Опубликовано в журнале Знамя, номер 3, 2024
Предмет нашей сегодняшней Скорописи — биографическая рефлексия. Способы говорить о прожитых жизнях, моделировать их — обыкновенно, раз уж мы говорим именно о биографиях, а не об автобиографиях, — чужие жизни. Единственная среди книг этого обзора, способная показаться исключением, — книга Рената Беккина: она выглядит как личные воспоминания, там даже речь идет от первого лица (сразу приходит на ум в качестве дальней-дальней, но все-таки аналогии «Книга воспоминаний» Петера Надаша, автор которой уж точно говорит не о себе, но выстраивает сложную, динамически-равновесную конструкцию между опытом и воображением, которое, как мы знаем, тоже опыт. Чувствую, Беккин, при всей радикально иной и в целом существенно более простой устроенности его замысла, делает нечто, в конечном счете сопоставимое). За пределами книги автор ее не раз уже предупредил своих читателей, что его текст — не мемуары, он куда более сложен и неочевиден: это, хоть и на лично пережитом материале, — не о себе, а куда скорее то, что нынче называют «автофикшн», — с какими-то принципиально неведомыми читателю и, возможно, очень большими — а возможно, и нет — элементами вымысла.

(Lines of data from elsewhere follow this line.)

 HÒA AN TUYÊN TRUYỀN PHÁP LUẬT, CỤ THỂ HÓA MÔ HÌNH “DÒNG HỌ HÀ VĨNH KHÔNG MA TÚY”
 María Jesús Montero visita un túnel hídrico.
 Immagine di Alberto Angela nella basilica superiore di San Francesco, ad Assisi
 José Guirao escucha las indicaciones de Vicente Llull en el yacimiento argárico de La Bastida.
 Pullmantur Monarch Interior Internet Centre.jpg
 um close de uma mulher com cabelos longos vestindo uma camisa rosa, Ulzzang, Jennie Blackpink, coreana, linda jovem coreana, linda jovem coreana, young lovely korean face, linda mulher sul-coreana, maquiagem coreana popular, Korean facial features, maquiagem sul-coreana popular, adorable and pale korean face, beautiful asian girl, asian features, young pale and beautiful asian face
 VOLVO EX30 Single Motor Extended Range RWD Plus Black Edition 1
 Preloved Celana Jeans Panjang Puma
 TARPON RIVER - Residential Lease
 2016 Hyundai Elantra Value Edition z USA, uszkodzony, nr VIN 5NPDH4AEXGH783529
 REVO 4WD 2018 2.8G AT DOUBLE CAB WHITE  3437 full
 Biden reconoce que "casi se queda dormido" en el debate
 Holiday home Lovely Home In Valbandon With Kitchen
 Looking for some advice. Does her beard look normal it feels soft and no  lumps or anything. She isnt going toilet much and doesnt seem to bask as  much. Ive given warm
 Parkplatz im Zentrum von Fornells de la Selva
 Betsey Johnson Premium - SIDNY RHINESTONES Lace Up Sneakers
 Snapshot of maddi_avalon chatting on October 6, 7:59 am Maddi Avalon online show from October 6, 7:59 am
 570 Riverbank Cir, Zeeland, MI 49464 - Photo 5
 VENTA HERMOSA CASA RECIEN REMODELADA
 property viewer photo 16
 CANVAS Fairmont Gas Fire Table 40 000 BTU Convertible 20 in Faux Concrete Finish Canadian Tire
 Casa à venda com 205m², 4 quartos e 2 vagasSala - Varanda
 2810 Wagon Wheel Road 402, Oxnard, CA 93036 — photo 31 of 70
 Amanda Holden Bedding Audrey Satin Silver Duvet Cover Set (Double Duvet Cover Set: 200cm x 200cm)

Важно нам во всех ныне рассматриваемых и максимально разных случаях даже не то, что любая биография — всегда (в той или иной степени, неизменно определяющей характер выстраивания текста ничуть не менее, чем хронологический порядок описываемых событий) домысливание. Главное — то, что домысливание — это прежде всего мышление: о том, что волнует автора биографии, за реконструкцию и анализ чьей бы жизни он ни брался; усилие прояснить с помощью реконструируемой в тексте жизни и личности проблемы, стоящие перед автором, а то и перед его временем в целом. События, о которых идет речь, в конечном счете становятся инструментом для этого.
Сара Пратт. Загадка Заболоцкого / Перевод с английского О. Терпуговой. — Бостон / СПб.: Academic Studies Press / Библиороссика, 2023. — (Современная западная русистика = Contemporary Western Rusistica).
Монография, вышедшая из-под пера американской славистки Сары Пратт, профессора славянских языков и литературы в Университете Южной Калифорнии), — не столько фактографическая и социальная (хотя немного и это тоже), сколько интеллектуальная, внутренняя, ценностная биография Николая Заболоцкого, прослеживаемая по его текстам, начиная с самых ранних. Писалась книга, как сообщает автор в первых же строчках своего предисловия к ней, «когда Советский Союз распадался на части» (соответственно — на рубеже 1980–1990-х; и перед нами, таким образом, — в некотором смысле памятник мысли и интеллектуальных запросов давно миновавшей, психологически уже далекой от нас исторической эпохи, что не делает книгу менее интересной, скорее уж наоборот), и центральным для нее стал вопрос «о сущностной преемственности русской культуры», о «переплетении» двух ее, принятых автором за основные, «движущих сил»: «“советской”, пропитанной марксистской идеологией, и “русской”, опирающейся на дореволюционную жизнь, иногда ассоциирующейся с обычаями крестьянства и часто связанной с особенностями русского православия». В Заболоцком, «первом большом поэте, целиком сформировавшемся уже в советское время», по ее мысли, «воплотилась та смесь дерзкого иконоборчества и глубоко впечатавшейся традиции, которая формировала культуру его родины в течение большей части XX века».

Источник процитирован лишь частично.